Once you reach the line with "Na webu táborů" below, copy each line exactly, stopping after the line with "Pre-Owned BVLGARI Solotempo", and skip any pictures.

SOURCE INFORMATION START

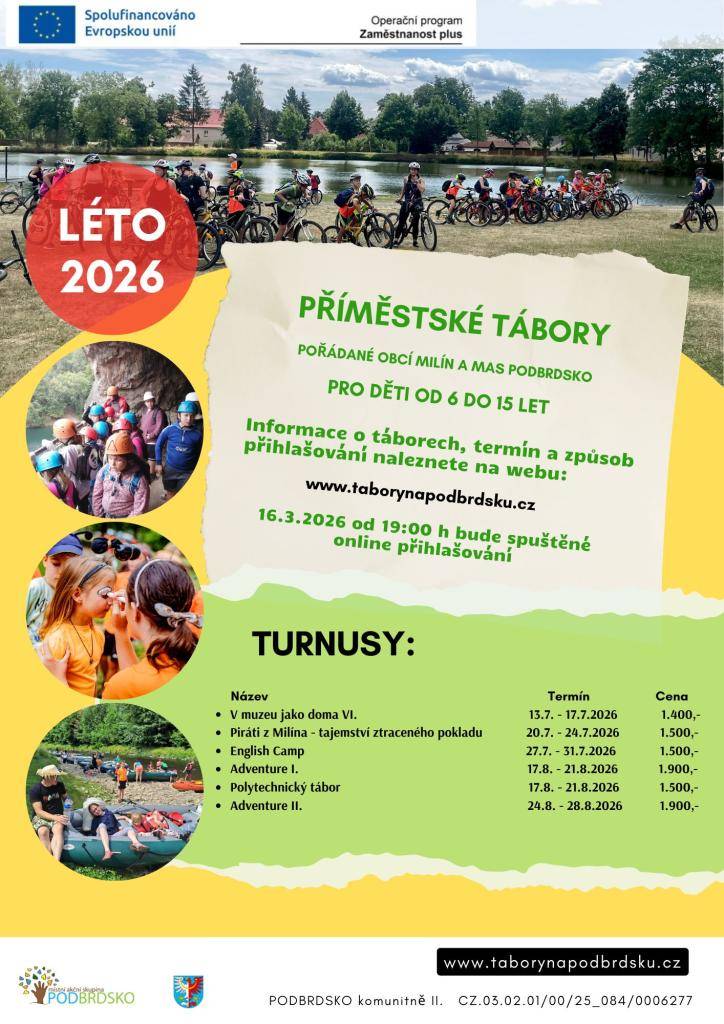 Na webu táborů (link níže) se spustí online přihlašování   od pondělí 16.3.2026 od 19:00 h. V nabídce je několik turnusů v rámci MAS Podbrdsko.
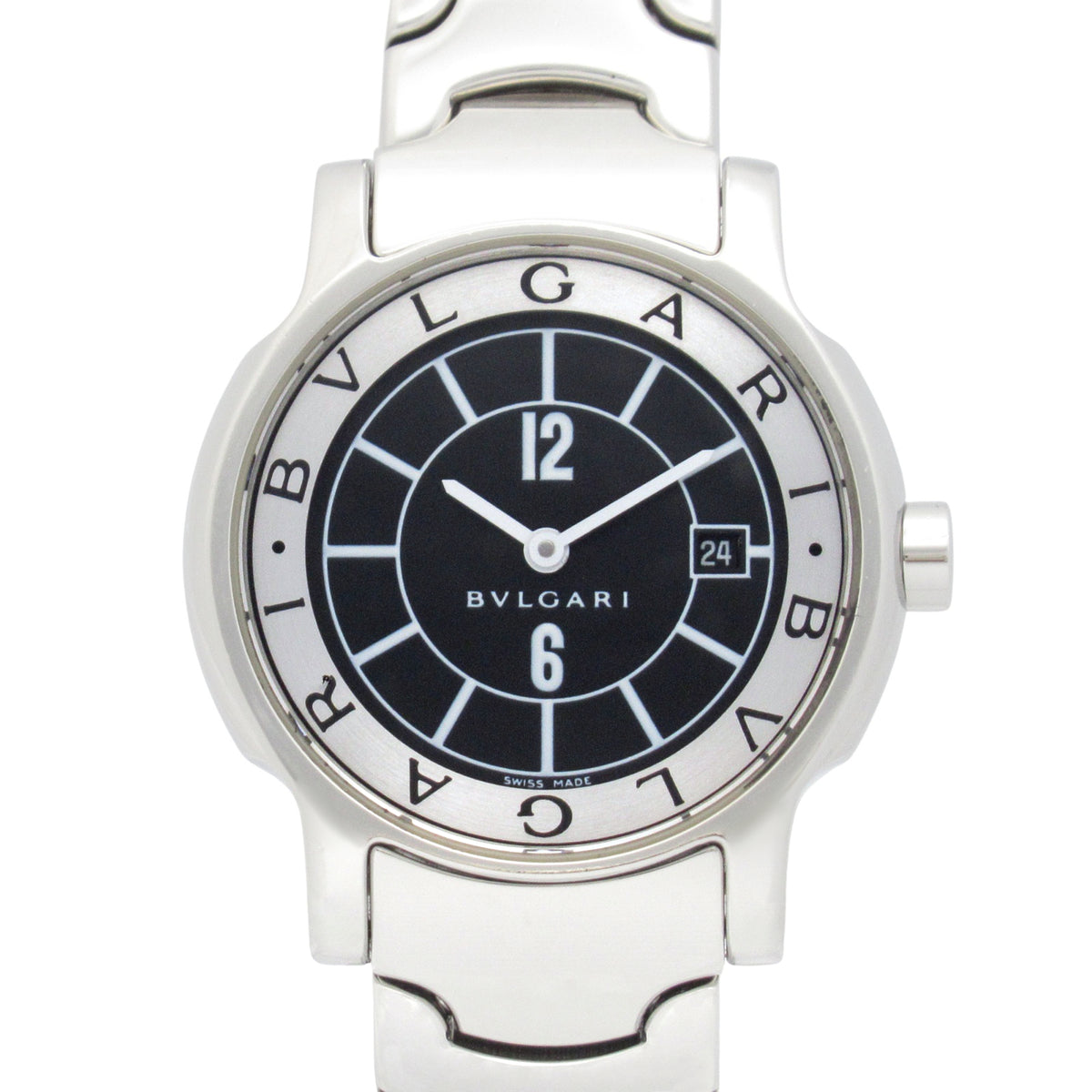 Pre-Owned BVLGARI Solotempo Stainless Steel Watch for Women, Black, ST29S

SOURCE INFORMATION END
SOURCE INFORMATION START

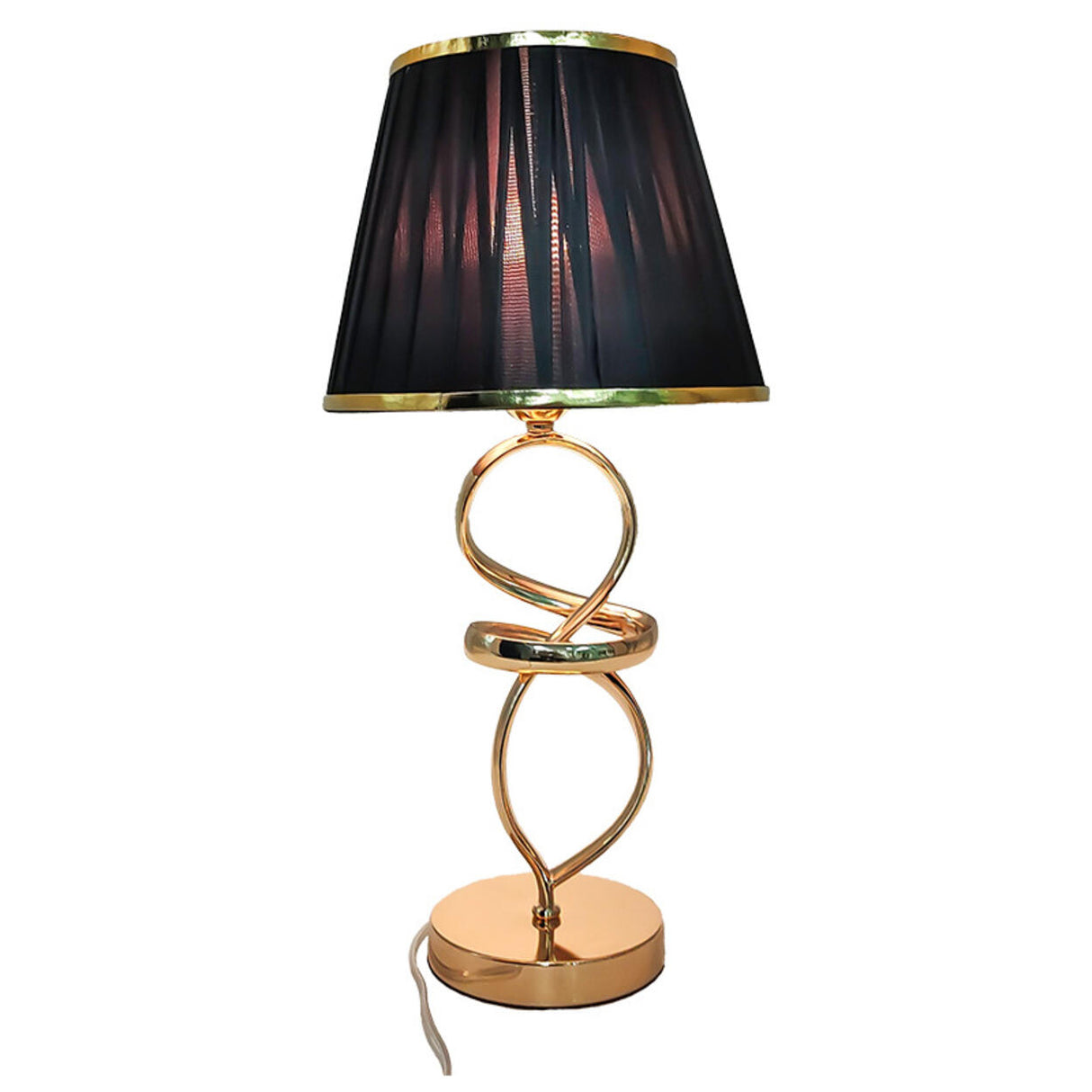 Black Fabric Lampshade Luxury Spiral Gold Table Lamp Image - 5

SOURCE INFORMATION END

__RESPONSE AREA__.
 Na webu táborů (link níže) se spustí online přihlašování   od pondělí 16.3.2026 od 19:00 h. V nabídce je několik turnusů v rámci MAS Podbrdsko.
 Pre-Owned BVLGARI Solotempo Stainless Steel Watch for Women, Black, ST29S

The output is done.